I guess what I should have said is that it was typical for stiles and rails to be substantially thicker than panels so that panels could be inset from the back side and yet still be flush on the front with the stiles and rails.
Isn't "Architecturally correct" an oxymoron? ;o)T. Jeffery Clarke
Quidvis Recte Factum Quamvis Humile Praeclarum
Ron, is your panel profile a cove? Looks like, and you lose more of your panel detail width the more you try to make the panel thinner. Might be a nice trick when you want to balance a box newel, but it isn't going to fly with a large panel.
Also doesn't help the poor poster who started this mess, check out what cutters, sorry... router bits he is using.

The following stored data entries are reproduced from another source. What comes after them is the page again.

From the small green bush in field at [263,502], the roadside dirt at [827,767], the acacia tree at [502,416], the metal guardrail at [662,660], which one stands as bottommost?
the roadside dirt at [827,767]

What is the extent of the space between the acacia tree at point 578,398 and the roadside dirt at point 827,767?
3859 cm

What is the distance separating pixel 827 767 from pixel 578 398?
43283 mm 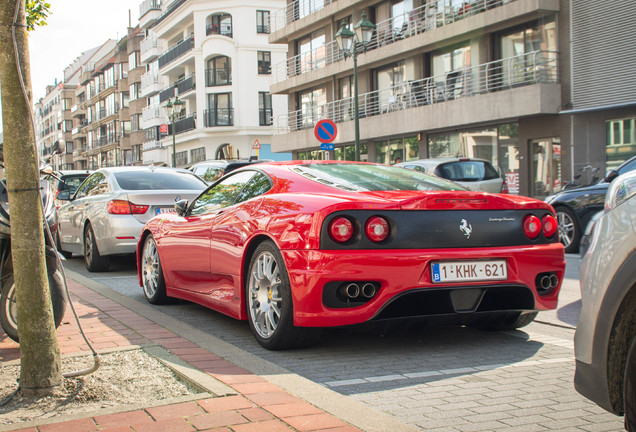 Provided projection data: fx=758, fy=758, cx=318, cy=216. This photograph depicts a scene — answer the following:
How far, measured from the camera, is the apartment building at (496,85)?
23.1 m

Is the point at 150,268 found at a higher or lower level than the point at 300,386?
higher

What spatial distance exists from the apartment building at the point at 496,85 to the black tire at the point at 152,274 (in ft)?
45.1

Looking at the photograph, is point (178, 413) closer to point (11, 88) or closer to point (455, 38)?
point (11, 88)

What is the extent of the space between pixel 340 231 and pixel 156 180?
6373 mm

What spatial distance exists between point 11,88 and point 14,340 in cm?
206

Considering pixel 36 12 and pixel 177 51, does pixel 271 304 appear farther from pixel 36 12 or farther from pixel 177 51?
pixel 177 51

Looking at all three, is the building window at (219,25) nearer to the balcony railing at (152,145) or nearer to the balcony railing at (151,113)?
the balcony railing at (151,113)

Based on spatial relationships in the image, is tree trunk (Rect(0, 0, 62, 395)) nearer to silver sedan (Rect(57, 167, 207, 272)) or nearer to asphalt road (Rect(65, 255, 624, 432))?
asphalt road (Rect(65, 255, 624, 432))

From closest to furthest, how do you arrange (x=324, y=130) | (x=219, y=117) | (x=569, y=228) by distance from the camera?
(x=569, y=228)
(x=324, y=130)
(x=219, y=117)

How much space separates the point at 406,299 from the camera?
4785 mm

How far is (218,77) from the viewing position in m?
55.0

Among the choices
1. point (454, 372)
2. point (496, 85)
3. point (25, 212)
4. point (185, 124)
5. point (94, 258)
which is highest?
point (185, 124)

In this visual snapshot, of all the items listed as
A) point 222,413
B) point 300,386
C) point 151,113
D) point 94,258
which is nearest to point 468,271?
point 300,386

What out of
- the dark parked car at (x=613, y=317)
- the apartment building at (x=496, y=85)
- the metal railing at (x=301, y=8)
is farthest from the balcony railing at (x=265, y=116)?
the dark parked car at (x=613, y=317)
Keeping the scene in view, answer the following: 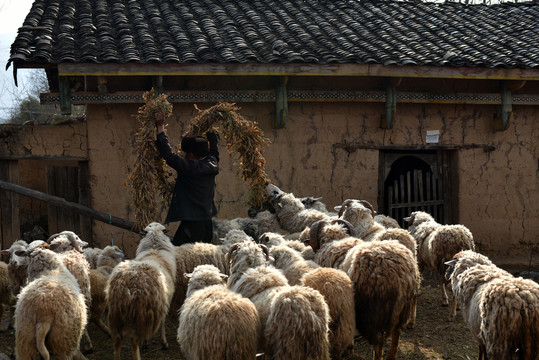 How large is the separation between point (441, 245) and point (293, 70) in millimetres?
3372

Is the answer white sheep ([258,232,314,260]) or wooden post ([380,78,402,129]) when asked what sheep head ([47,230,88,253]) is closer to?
white sheep ([258,232,314,260])

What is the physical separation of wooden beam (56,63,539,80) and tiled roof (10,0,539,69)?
3.4 inches

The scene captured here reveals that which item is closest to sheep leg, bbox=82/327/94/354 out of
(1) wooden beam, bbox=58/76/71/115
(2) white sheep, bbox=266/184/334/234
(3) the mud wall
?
(3) the mud wall

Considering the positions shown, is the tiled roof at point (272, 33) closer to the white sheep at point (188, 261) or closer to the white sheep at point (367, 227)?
the white sheep at point (367, 227)

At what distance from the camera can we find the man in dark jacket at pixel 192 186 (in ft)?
20.8

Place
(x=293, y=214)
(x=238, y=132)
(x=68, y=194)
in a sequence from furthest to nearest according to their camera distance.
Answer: (x=68, y=194), (x=293, y=214), (x=238, y=132)

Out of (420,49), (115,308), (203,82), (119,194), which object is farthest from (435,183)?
(115,308)

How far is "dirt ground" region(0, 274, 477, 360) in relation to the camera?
5.92 metres

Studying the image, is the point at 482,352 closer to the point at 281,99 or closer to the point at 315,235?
the point at 315,235

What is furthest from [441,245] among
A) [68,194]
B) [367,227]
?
[68,194]

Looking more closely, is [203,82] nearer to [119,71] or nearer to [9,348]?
[119,71]

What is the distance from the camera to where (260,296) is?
4793 mm

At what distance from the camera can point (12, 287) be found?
5973mm

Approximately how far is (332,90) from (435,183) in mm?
2637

This thread did make me search for the cutters I wanted, took seconds. I'm really surprised this question didn't provide us with you need ABC with XYZ. Maybe it was better suited for a Q over with the limp wristed tea drinkers.
Yea it is a cove profile. I started thinking (dangerous?) that maybe it woulnt work with other type of profiles. But they do seel bits with back cutters. I havent tried one so I dont know but wouldnt a back cutter flush up the panel? Darkworksite4: When the job is to small for everyone else, Its just about right for me"
Ya, a back cutter set will work just fine, (just don't ask me if they have them for routers, probably do), but if you look at the face cutter it cuts a shallower angle. There isn't any reason you couldn't make your panels thinner to miss the back cutter, if that is what you want. The job I'm thinking of is mostly wall panels, so that is probably the plan.
Now I just need to go back to the tool boyz and see if I can get them out of doh mode. In all fairness, the guy I asked was new and I was in a hurry, (who knew?), but the store I usually go to has a guy that knows just about everything, or that is what he tells me.
clam clamps
If you increase the thickness of the frame, to be equal with the panel, you will have an out of balance bead, (for example).
If you have a panel cutter that cuts a more acute angle your panel won't be proud.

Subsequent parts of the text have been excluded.